DATA »
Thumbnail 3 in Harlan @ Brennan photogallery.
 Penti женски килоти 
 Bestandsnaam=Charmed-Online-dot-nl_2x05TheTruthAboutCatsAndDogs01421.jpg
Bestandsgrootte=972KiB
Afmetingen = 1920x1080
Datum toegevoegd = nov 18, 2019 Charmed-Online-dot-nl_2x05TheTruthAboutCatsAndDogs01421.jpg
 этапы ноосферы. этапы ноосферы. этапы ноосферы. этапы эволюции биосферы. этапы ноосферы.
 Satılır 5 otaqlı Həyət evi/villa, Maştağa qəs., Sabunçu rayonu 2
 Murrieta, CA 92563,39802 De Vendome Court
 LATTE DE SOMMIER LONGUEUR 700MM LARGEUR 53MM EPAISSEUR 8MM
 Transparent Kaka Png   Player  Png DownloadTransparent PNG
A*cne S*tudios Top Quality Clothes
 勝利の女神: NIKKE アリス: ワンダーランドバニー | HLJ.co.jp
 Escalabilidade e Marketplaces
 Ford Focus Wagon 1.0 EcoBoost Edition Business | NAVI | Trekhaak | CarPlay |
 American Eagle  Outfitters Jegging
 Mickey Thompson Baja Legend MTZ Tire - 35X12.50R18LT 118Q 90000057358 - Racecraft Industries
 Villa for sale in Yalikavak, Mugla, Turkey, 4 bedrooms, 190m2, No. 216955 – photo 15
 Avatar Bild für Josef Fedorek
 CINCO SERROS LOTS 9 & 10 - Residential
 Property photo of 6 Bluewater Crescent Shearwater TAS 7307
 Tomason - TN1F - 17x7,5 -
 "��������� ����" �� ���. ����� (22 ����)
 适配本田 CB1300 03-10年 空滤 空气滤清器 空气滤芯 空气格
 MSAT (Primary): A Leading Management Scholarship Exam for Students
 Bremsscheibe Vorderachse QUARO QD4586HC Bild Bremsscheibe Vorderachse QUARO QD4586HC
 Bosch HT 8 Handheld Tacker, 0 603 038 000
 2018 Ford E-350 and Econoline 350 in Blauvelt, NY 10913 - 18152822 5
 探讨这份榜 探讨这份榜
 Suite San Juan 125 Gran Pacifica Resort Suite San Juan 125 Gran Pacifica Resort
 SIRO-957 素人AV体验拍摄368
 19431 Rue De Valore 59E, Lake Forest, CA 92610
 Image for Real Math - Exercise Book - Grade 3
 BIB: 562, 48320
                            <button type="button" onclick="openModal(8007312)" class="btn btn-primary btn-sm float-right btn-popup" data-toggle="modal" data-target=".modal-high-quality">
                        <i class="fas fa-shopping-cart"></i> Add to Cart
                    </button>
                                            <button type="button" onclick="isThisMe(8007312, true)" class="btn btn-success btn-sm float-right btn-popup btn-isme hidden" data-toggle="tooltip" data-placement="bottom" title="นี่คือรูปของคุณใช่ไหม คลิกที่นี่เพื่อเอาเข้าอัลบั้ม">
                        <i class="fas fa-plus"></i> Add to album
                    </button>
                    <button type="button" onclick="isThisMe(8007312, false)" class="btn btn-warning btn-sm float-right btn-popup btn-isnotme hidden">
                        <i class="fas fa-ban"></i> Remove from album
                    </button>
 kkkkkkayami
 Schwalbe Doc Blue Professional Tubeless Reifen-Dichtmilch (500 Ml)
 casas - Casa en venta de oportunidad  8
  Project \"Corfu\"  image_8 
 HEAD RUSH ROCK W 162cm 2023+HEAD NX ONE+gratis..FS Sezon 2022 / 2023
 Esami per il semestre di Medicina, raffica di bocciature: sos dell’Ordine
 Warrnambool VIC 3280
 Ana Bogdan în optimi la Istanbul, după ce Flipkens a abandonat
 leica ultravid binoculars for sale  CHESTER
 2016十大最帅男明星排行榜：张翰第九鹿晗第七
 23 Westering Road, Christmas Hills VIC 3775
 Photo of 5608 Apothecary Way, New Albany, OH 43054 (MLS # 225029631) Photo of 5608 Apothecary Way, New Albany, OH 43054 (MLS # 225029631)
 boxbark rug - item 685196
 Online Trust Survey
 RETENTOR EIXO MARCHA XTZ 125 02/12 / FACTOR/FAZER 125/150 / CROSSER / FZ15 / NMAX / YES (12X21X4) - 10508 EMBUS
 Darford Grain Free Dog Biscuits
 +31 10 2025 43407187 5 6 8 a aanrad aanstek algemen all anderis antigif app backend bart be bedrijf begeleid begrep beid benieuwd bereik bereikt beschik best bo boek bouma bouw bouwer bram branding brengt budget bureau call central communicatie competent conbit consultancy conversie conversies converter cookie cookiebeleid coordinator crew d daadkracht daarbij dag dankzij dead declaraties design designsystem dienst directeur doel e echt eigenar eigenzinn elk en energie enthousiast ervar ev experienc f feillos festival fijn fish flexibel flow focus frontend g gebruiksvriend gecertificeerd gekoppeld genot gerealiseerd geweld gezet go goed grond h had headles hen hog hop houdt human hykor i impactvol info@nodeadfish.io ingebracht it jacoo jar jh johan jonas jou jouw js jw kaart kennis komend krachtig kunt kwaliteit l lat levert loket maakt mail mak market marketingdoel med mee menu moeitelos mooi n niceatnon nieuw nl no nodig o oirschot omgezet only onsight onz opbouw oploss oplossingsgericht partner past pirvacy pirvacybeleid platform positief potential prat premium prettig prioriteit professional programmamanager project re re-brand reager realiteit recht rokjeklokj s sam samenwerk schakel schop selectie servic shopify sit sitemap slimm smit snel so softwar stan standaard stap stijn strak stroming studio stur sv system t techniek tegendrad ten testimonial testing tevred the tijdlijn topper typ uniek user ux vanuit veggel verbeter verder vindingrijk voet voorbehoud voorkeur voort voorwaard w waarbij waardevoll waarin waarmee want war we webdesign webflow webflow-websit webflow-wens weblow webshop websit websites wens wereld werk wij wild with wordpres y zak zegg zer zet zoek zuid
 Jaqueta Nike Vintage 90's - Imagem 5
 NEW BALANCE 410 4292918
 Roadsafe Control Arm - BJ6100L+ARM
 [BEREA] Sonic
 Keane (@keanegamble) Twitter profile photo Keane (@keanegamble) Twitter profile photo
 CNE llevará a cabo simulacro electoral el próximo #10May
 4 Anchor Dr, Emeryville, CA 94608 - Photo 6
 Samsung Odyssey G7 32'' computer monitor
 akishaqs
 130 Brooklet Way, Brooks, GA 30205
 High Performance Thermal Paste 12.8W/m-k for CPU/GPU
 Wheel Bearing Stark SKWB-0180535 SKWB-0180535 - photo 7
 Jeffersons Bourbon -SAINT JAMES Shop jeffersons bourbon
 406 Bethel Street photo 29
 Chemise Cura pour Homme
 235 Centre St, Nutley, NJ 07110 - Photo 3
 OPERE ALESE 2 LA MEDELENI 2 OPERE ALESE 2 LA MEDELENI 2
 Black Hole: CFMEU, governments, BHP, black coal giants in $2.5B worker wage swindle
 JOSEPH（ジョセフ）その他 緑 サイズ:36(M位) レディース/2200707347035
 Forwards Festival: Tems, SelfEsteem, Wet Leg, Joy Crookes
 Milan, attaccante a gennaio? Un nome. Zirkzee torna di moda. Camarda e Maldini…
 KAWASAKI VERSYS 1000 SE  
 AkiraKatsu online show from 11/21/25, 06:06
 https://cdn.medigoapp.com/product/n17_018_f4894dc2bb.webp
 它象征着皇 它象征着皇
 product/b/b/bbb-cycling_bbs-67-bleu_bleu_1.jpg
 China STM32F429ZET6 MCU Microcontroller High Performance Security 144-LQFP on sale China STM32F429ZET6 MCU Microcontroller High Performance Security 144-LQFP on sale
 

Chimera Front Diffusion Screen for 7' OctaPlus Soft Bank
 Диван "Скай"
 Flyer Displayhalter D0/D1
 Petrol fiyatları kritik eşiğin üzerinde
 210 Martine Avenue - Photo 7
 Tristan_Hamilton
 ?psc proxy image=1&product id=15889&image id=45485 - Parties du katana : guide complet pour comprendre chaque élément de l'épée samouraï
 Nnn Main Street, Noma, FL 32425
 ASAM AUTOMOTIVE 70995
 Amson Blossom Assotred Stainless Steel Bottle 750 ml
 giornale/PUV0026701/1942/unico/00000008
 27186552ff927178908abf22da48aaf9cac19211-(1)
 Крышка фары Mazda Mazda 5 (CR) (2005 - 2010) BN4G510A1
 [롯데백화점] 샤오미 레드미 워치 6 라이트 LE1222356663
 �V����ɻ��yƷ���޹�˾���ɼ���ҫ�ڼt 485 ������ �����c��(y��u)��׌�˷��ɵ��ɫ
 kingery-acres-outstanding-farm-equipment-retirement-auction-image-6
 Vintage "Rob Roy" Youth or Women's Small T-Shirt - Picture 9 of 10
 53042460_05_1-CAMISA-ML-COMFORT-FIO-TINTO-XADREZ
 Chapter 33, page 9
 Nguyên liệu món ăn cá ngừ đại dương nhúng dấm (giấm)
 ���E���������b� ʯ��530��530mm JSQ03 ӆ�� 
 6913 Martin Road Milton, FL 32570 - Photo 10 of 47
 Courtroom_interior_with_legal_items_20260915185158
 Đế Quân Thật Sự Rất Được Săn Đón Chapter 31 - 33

PROBLEM STATEMENT » For the material above, reproduce exactly the lines from the line with "Bestandsgrootte=972KiB" to the line with "探讨这份榜 探讨这份榜", inclusive, and exclude all others.

TASK RESULT »
Bestandsgrootte=972KiB
Afmetingen = 1920x1080
Datum toegevoegd = nov 18, 2019 Charmed-Online-dot-nl_2x05TheTruthAboutCatsAndDogs01421.jpg
 этапы ноосферы. этапы ноосферы. этапы ноосферы. этапы эволюции биосферы. этапы ноосферы.
 Satılır 5 otaqlı Həyət evi/villa, Maştağa qəs., Sabunçu rayonu 2
 Murrieta, CA 92563,39802 De Vendome Court
 LATTE DE SOMMIER LONGUEUR 700MM LARGEUR 53MM EPAISSEUR 8MM
 Transparent Kaka Png   Player  Png DownloadTransparent PNG
A*cne S*tudios Top Quality Clothes
 勝利の女神: NIKKE アリス: ワンダーランドバニー | HLJ.co.jp
 Escalabilidade e Marketplaces
 Ford Focus Wagon 1.0 EcoBoost Edition Business | NAVI | Trekhaak | CarPlay |
 American Eagle  Outfitters Jegging
 Mickey Thompson Baja Legend MTZ Tire - 35X12.50R18LT 118Q 90000057358 - Racecraft Industries
 Villa for sale in Yalikavak, Mugla, Turkey, 4 bedrooms, 190m2, No. 216955 – photo 15
 Avatar Bild für Josef Fedorek
 CINCO SERROS LOTS 9 & 10 - Residential
 Property photo of 6 Bluewater Crescent Shearwater TAS 7307
 Tomason - TN1F - 17x7,5 -
 "��������� ����" �� ���. ����� (22 ����)
 适配本田 CB1300 03-10年 空滤 空气滤清器 空气滤芯 空气格
 MSAT (Primary): A Leading Management Scholarship Exam for Students
 Bremsscheibe Vorderachse QUARO QD4586HC Bild Bremsscheibe Vorderachse QUARO QD4586HC
 Bosch HT 8 Handheld Tacker, 0 603 038 000
 2018 Ford E-350 and Econoline 350 in Blauvelt, NY 10913 - 18152822 5
 探讨这份榜 探讨这份榜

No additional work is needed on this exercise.